Leadership Lessons from Confucius: achieve the greatest impact
Fan Chi asked to learn about cultivating grain. Confucius said: “You’d be better off asking an old farmer.” Fan Chi asked to learn about raising vegetables. Confucius said: “You’d be better off asking an old gardener.” After Fan Chi had left, Confucius said: “What a petty person! When a ruler loves ritual, the people don’t dare to be disrespectful. When a ruler loves rightness, the people don’t dare to be disobedient. When a ruler loves trustworthiness, the people don’t dare to be deceitful. If such a ruler existed, people would flock to them from everywhere with their children strapped to their backs. What need would there be to learn about farming?”
Your time and talent are precious. Focus them on where you’ll achieve the greatest impact. If you manage a team concentrate on making sure that you have the right people, culture, and processes in place to make sure it operates successfully. Leave the technical and operational questions for the appropriate experts.
Notes
This article features a translation of Chapter 4 of Book 13 of the Analects of Confucius. You can read my full translation of Book 13 here.
(1) Some modern critics have seized on these comments as proof that Confucius held back the technological development of China with his alleged disdain for practical subjects such as agriculture. While there is certainly a grain (sorry) of truth to this, it’s important to note that Confucius recognizes that he isn’t qualified to respond to the questions and directs his rather dim-witted follower to consult with agricultural experts. More fundamentally, Confucius is arguing that members of the ruling elite should focus on their number one responsibility of creating the right moral climate for society to operate under rather than engage in manual tasks that should be left for the common people to carry out. As he points in this passage, if they did this, “people would flock to them from everywhere with their children strapped to their back” and willingly till the land.

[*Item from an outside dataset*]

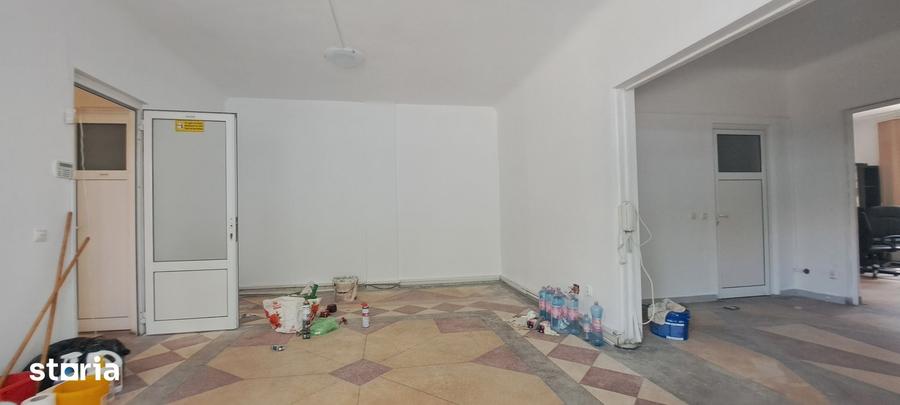 Casă cu 6 camere cu Teren 800 Mp în Rahova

(2) It’s possible that Fan Chi may have asked these questions to find out Confucius’s opinions about the so-called primitivist or proto-Daoist “back to the land” movement that was gaining increasing popularity among disillusioned members of the elite at the time. Arguing that society had become too corrupt and chaotic to reform, leaders of this movement encouraged officials and intellectuals to drop out and lead the life of a recluse in the countryside. Confucius naturally condemned such behavior, seeing it as a betrayal of the responsibilities of the elite. You can find descriptions of encounters with figures from this movement in 18.6 and 18.7.